::: MATERIAL SUPPLIED :::
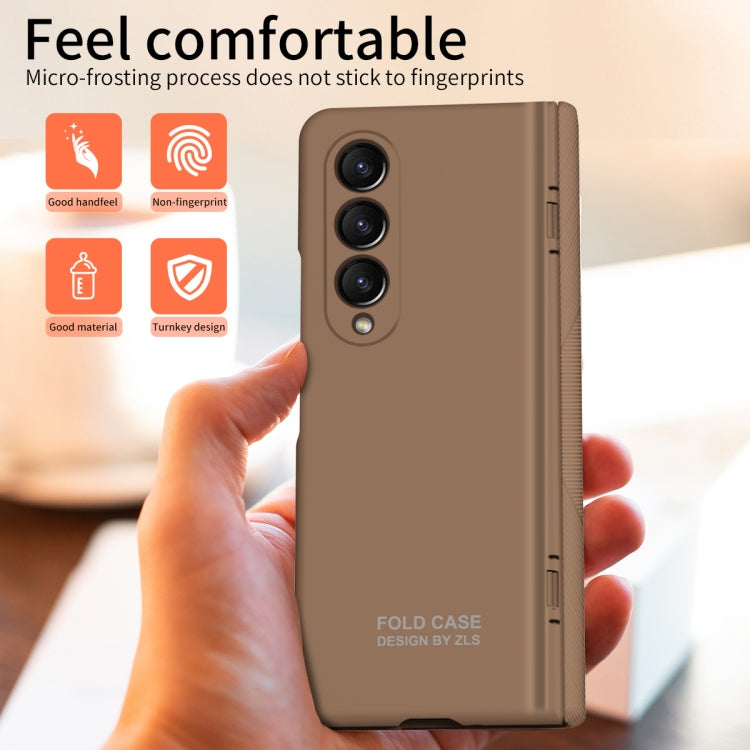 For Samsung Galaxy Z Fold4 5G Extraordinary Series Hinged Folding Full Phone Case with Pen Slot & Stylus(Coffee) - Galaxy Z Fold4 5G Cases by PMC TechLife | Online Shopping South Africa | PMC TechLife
:::
::: MATERIAL SUPPLIED :::
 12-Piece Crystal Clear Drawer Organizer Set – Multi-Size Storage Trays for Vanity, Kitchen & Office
:::
::: MATERIAL SUPPLIED :::
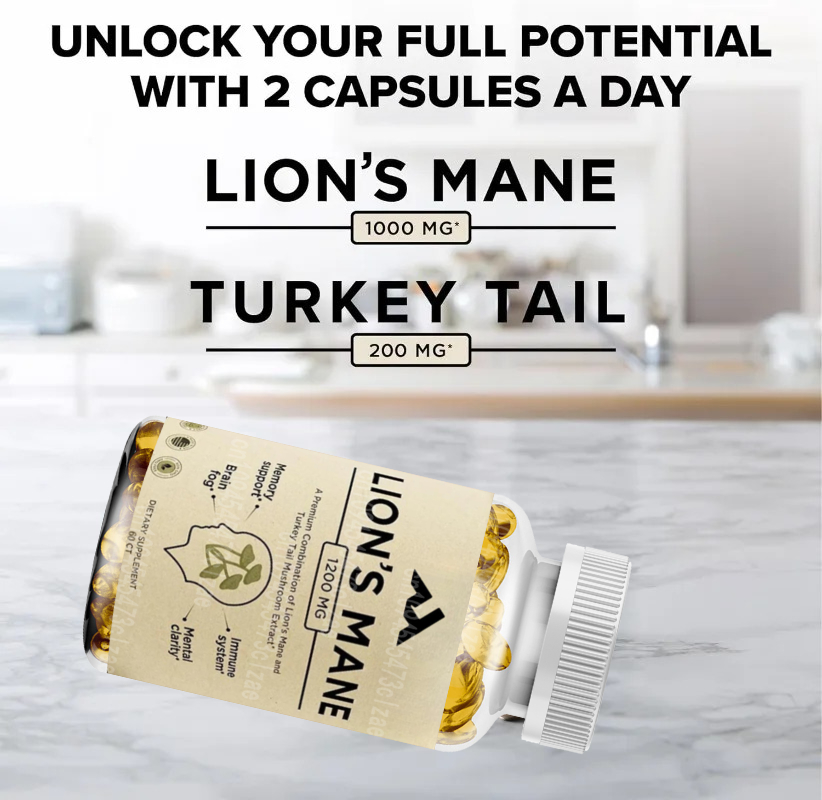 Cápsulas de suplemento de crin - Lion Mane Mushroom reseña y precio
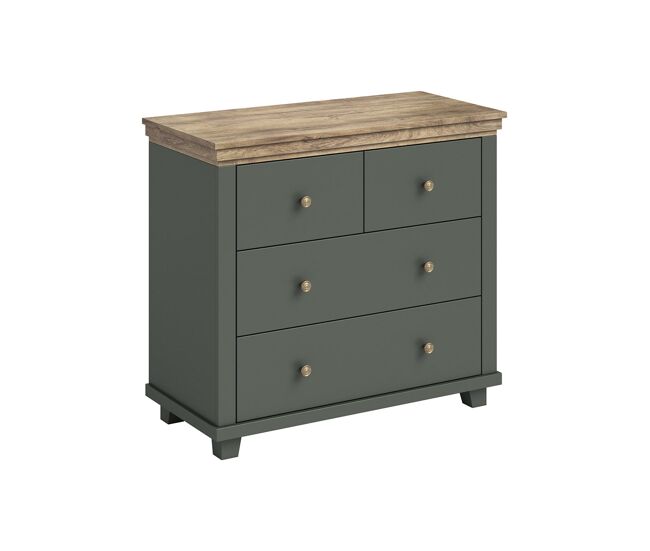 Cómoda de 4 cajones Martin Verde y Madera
:::
■ **TASK INSTRUCTIONS**
Using the data above, set down each line from the line with "Cápsulas de suplemento" to the line with "Cómoda de 4 cajones Martin Verde y Madera" exactly, both ends included, and leave the pictures behind. Nothing else belongs.

■ **REPLY**
 Cápsulas de suplemento de crin - Lion Mane Mushroom reseña y precio
 Cómoda de 4 cajones Martin Verde y Madera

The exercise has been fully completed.